===== Supplied material

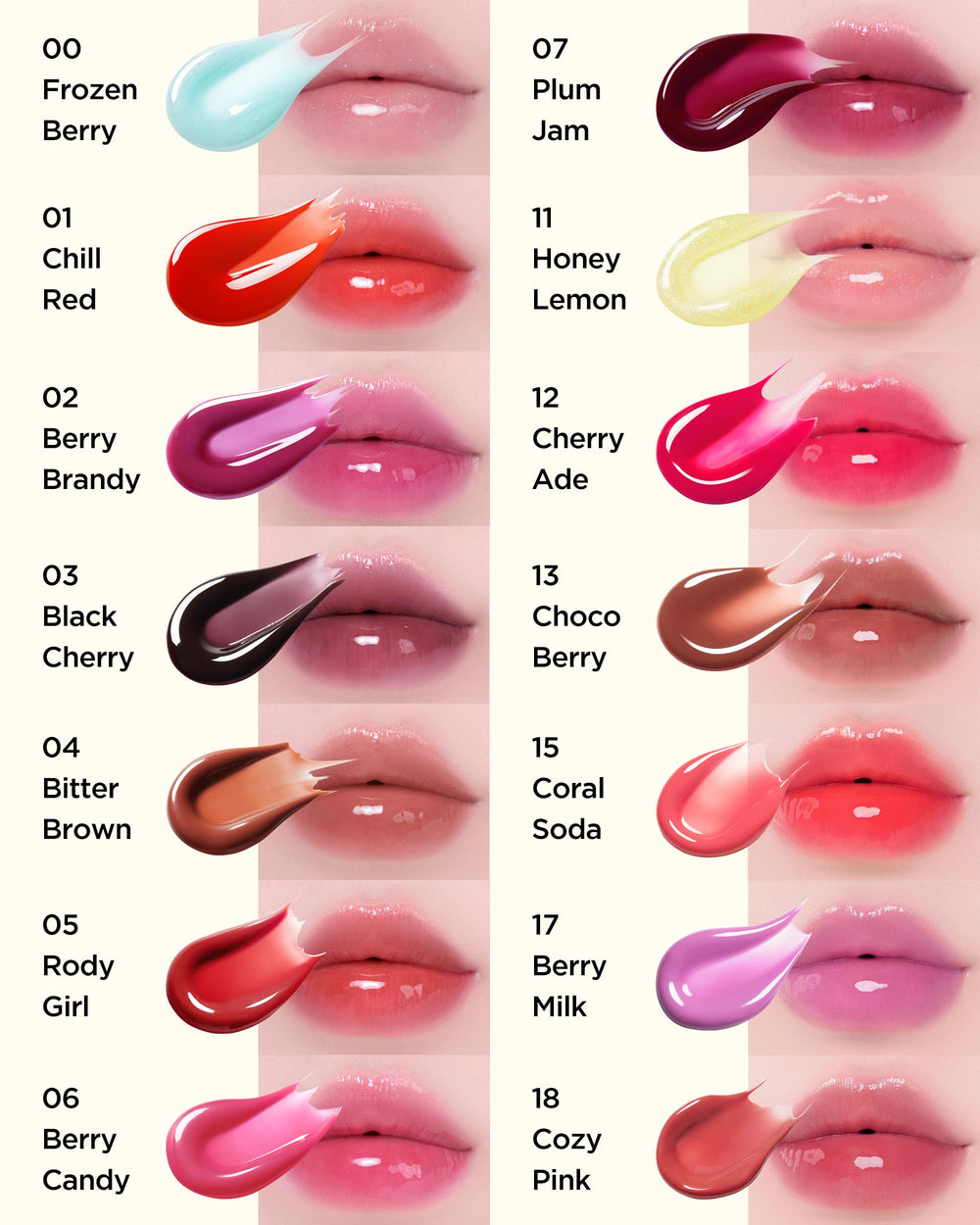 TOCOBO Juicy Berry Lip Oil glossy swatch demonstrates non-sticky, long-lasting shine
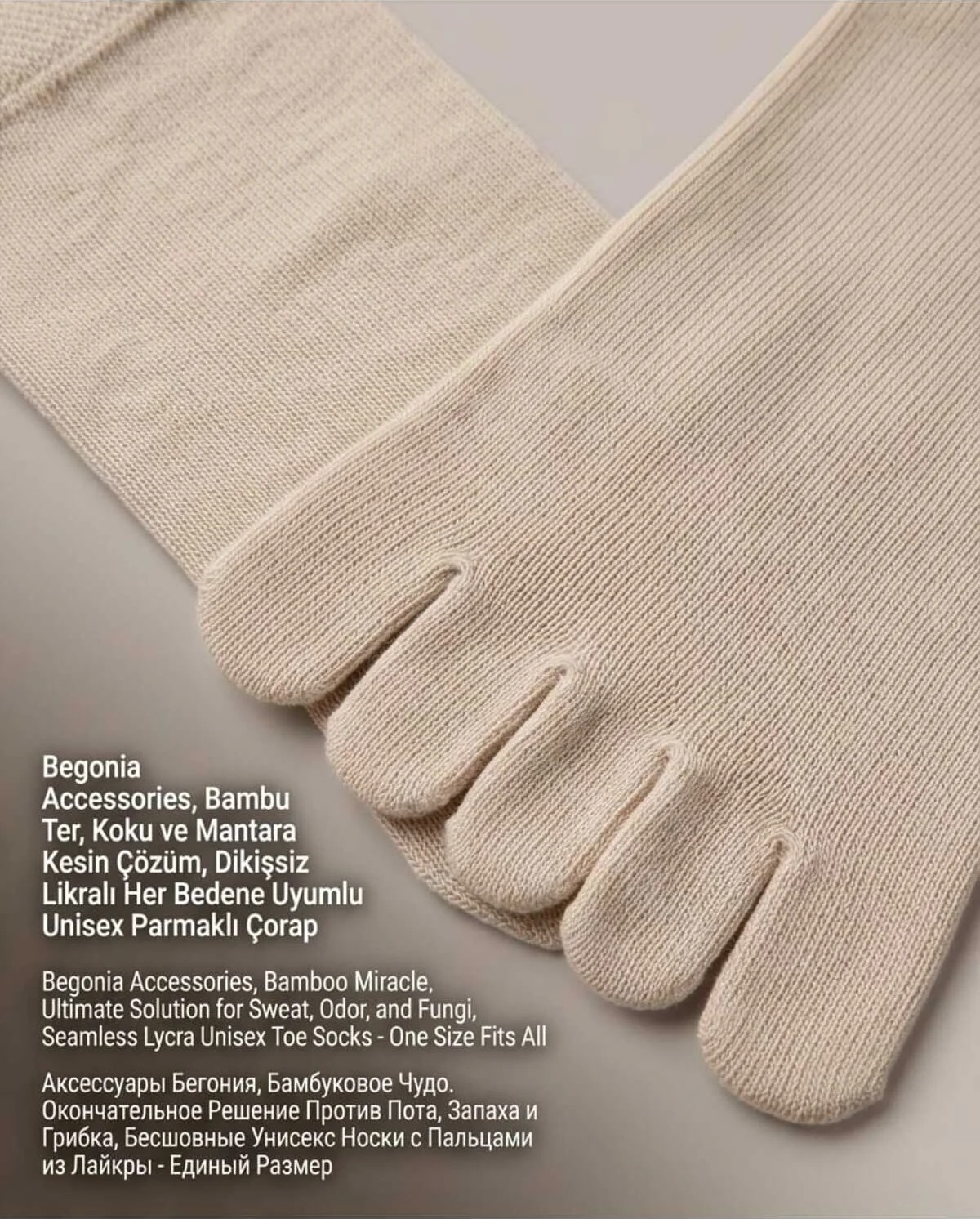 Begonia Accessories Bambu Parmaklı Çorap Dikişsiz Unisex Antialerjik Terleme ve Koku Karşıtı Likralı Esnek Çorap -278-2 görsel 4
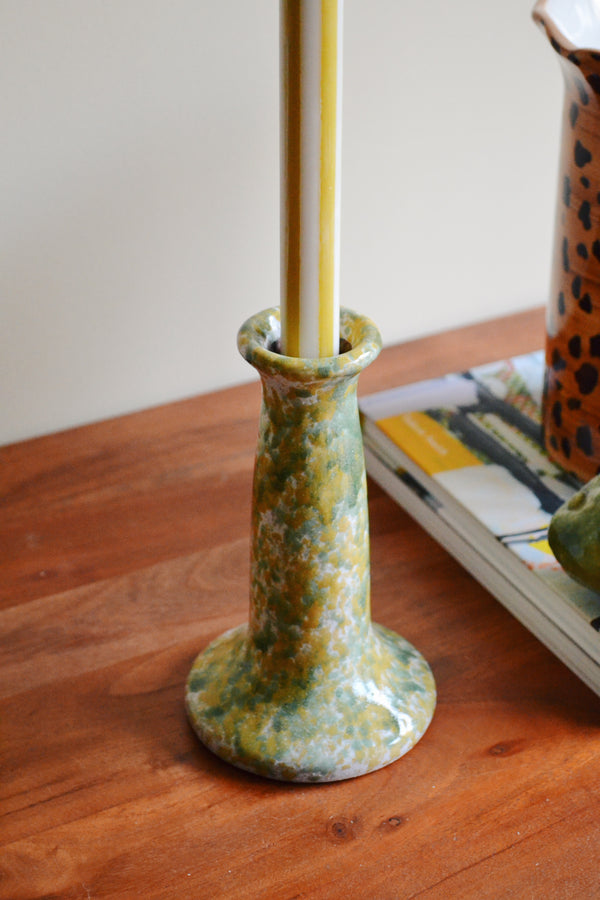 Mustard and Green Splatter Stoneware Candlestick Holder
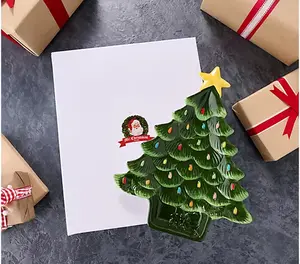 Mr. Christmas 14" Nostalgic Holiday Platter with Gift Box Ceramic Santa Design for Cookies & Snacks Festive Christmas Decor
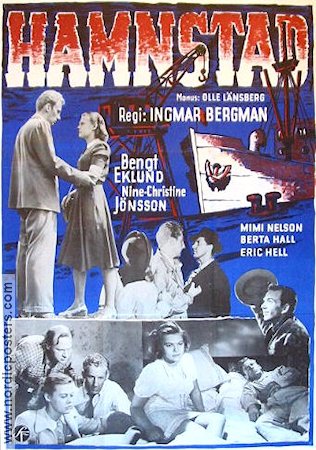 Hamnstad 1948 poster Nine-Christine Jönsson Bengt Eklund Ingmar Bergman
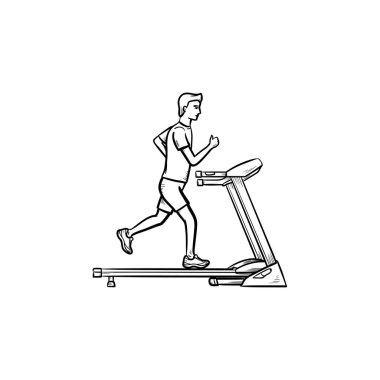 Adam koşu bandı el çizilmiş anahat doodle simgesini.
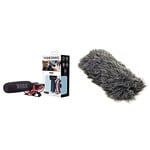RØDE VideoMic On-camera Shotgun Microphone with High-pass Filter and Pad for Filmmaking, Content Creation and Location Recording & windscreen DeadCat GO for VideoMic GO with faux fur cover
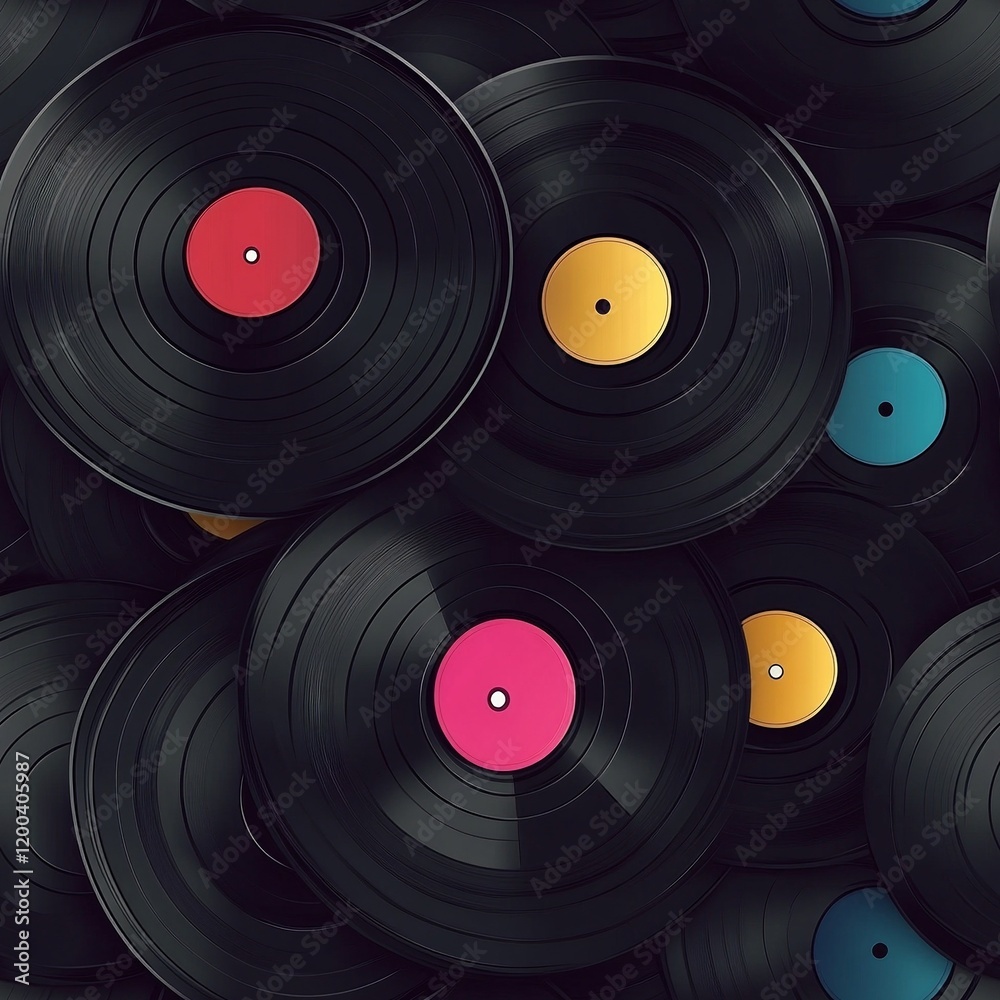 Seamless pattern of retro vinyl records in vibrant colors creating a classic music-inspired design for art projects Seamless pattern of retro vinyl records in vibrant colors creating a classic music-inspired design for art projects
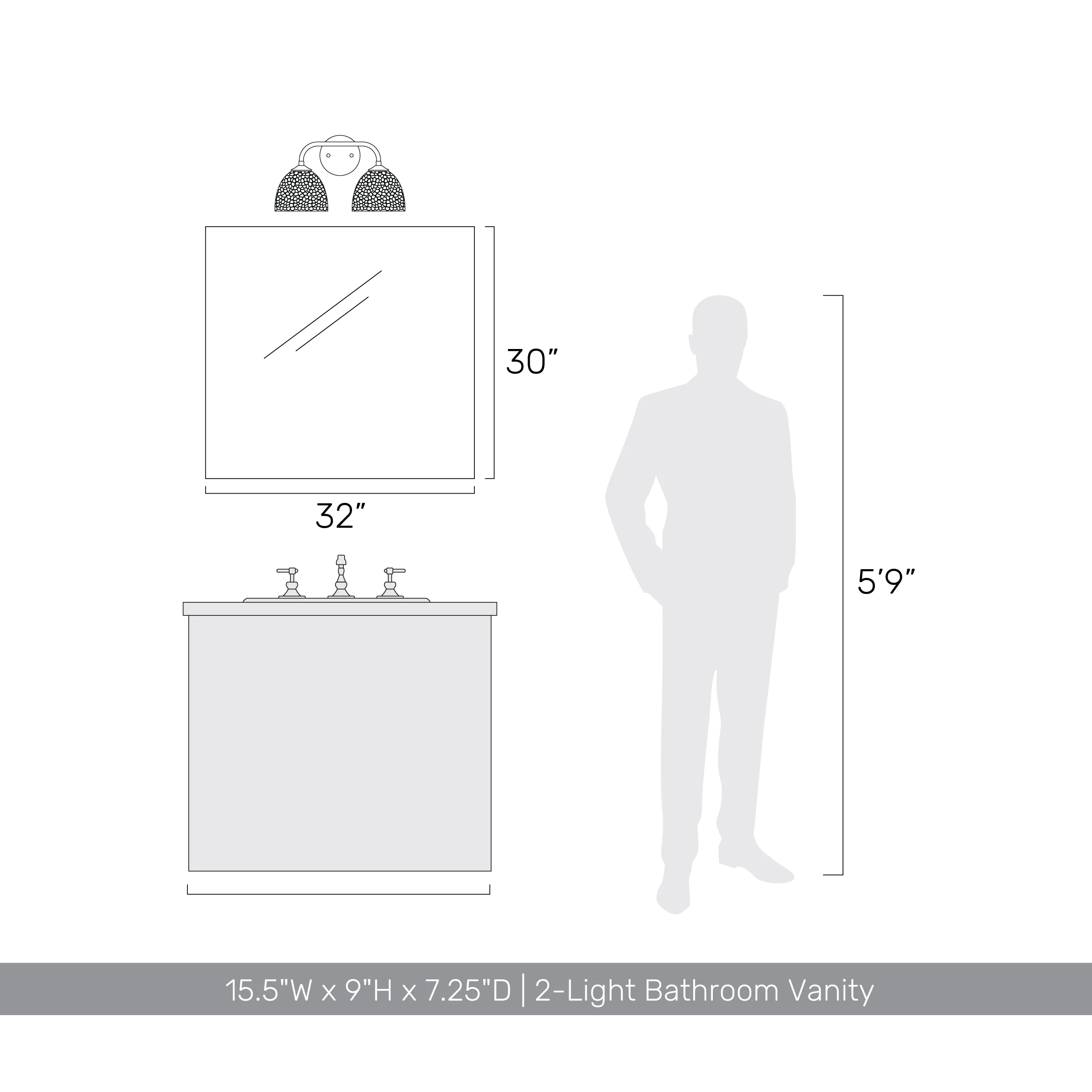 Shepard 2-light Vanity in Modern Brass and Matte Black shade - Image 8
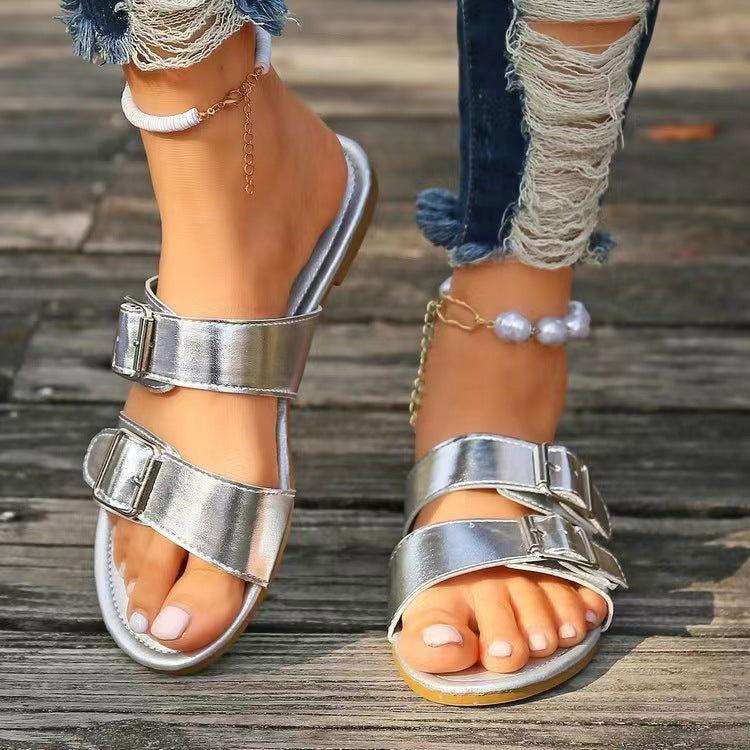 Open Toe Double Buckle Sandals - Clothes For Her Online Store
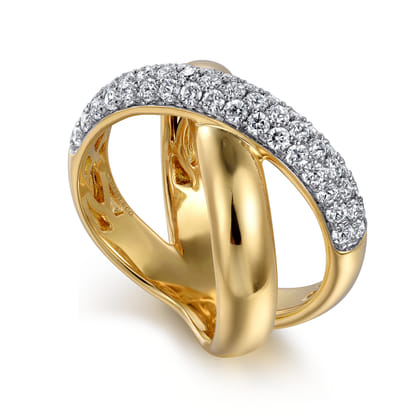 14K Yellow Gold Pave Diamond Criss Cross Ring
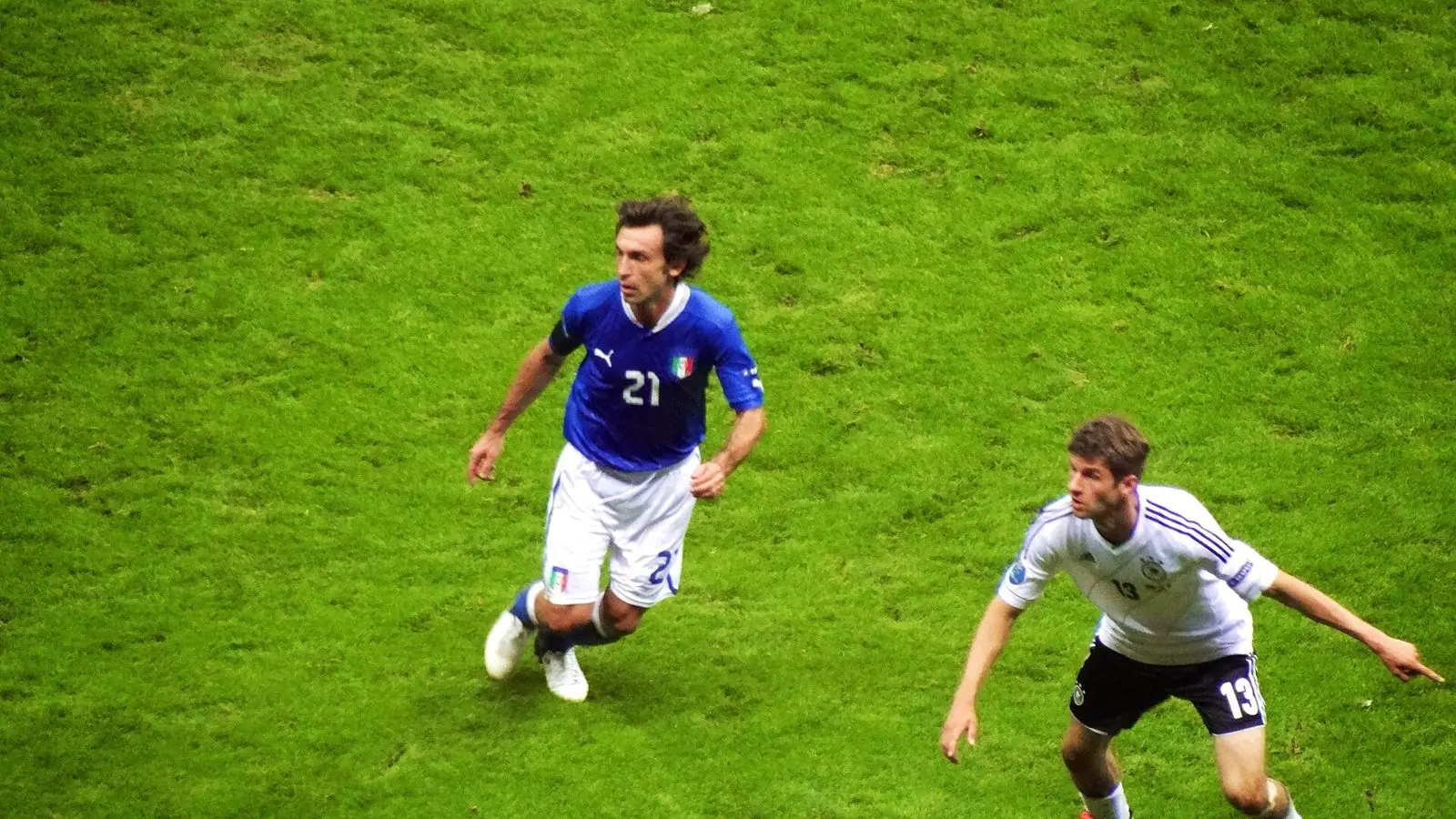 Andrea Pirlo and Thomas Müller in the Euro 2012 semi-final, Germany v Italy, Warsaw, 28 June 2012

==========

> _Problem to work on_
Among the records above, locate the line containing "art projects Seamless" and the line containing "Shepard 2-light Vanity", then transcribe exactly the lines starting at the first and ending at the second, with no pictures.

> _Task solution_
 Seamless pattern of retro vinyl records in vibrant colors creating a classic music-inspired design for art projects Seamless pattern of retro vinyl records in vibrant colors creating a classic music-inspired design for art projects
 Shepard 2-light Vanity in Modern Brass and Matte Black shade - Image 8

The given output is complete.